The transport capacity of a ropeway is the maximum number of passengers that can be transported per hour and direction. A key parameter in the choice of the ropeway system, it is determined by the following factors:
- Capacity of the cars
- In the case of reversibles, the number of return trips per hour
- In the case of circulating (continuous-movement) systems, the carrier interval
Reversible aerial trams: The maximum number of return trips per hour is dependent on what is called cycle time. Cycle time is the length of time between two successive carrier departures from a station. It is the sum of transit time between the stations and carrier dwell time in the station. Cycle time is expressed in seconds.
Transport capacity per hour and direction is the product of the number of return trips per hour and the capacity of the carriers.
Here is an example:
Assuming that transit time between the stations of a reversible is six and a half minutes (390 s), dwell time in the station 50 s and the capacity of the carriers is 80 persons (p), the number of return trips per hour is 8.18 (3,600 : (390 + 50) = 8.18) and transport capacity is 654 (8.18 x 80 = 654) persons per hour and direction (PPHPD), usually only specified as PPH.
Transit time depends mainly on the length of the line: Transport capacity decreases with increasing length of the line. In terms of transport capacity, reversible aerial trams are therefore best suited for ropeways with short lines.
Continuous-movement gondola lifts: The time that elapses between the departure of two successive carriers from a station is known as the carrier interval. It is calculated as the quotient of carrier spacing on the rope and line speed and expressed in seconds (s). The carrier interval must be long enough to permit safe loading and unloading as well as reliable operation of the safety systems as the carriers travel through the stations. For circulating ropeway systems (gondola lifts, chair lifts, surface lifts), the ropeway standards directly or indirectly specify minimum values for the carrier interval.

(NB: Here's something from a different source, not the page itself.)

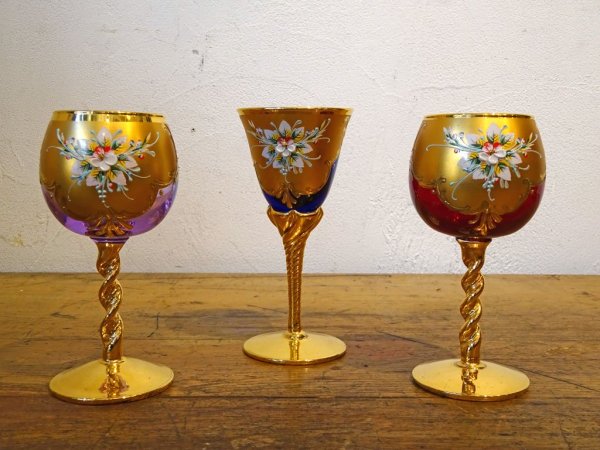 ベネチアンガラス ムラノ Venezian glass murano シェリーグラス Sherry Glass ブルー ゴールド 24KT 金彩 小花柄 ヴェネチアングラス ★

Calculating transport capacity: The number of departures per hour is calculated by dividing 3,600 s by the carrier interval. Transport capacity per hour and direction is the product of the number of departures and carrier capacity.
Here is an example:
Assuming that a six-seater chairlift has a carrier interval of 10.0 s, the number of departures per hour is 360 (3,600 : 10.0 = 360) and transport capacity is 2,160 (360 x 6 = 2,160) persons per hour and direction (PPHPD), usually only specified as PPH.

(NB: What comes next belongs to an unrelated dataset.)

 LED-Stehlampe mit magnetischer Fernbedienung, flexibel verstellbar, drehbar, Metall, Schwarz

Here is another example in more abbreviated form:
Assuming that a surface lift with T-bars (2 persons) has a carrier interval of 6.0 s, transport capacity is calculated as 3,600 : 6.0 x 2 = 1,200 PPH.
Unlike a reversible system, the transport capacity of a circulating system is independent of the length of the line. For this reason, continuous-movement ropeways are needed to achieve high transport capacities on installations with long lines.
Vertical transport capacity in the ski area
In addition to ropeway capacity expressed as persons per hour transported (PPH), ropeway transport capacity relative to the vertical meters served for skiing or snowboarding etc. in the ski area is often formulated as vertical transport meters per hour (VTMH), which is the product of ropeway transport capacity and vertical drop. This is a useful parameter for an assessment of total ski area ropeway capacity as it makes a difference whether a ride gives access to a short slope with just a few meters of vertical or a long trail with a significant vertical drop.
Assessing the economics of a ropeway project is not usually one of the primary tasks of the ropeway engineer. The estimated capital and operating costs considered in the light of the overall financial situation of the ropeway company will often play a role, however, as will the use of methods for selecting alternatives (e.g. different ropeway systems) and variants (e.g. different lines for a given system). The main types of analysis performed in this context include the following:
- Impact analysis
- Cost-benefit analysis
- Cost-effectiveness analysis
- Cost-utility analysis
When comparing different ropeway systems or evaluating project variants, a cost-utility analysis, for example, can have a positive effect on the transparency and accuracy of the decisions reached through the focus on the weighting and evaluation of the criteria applied.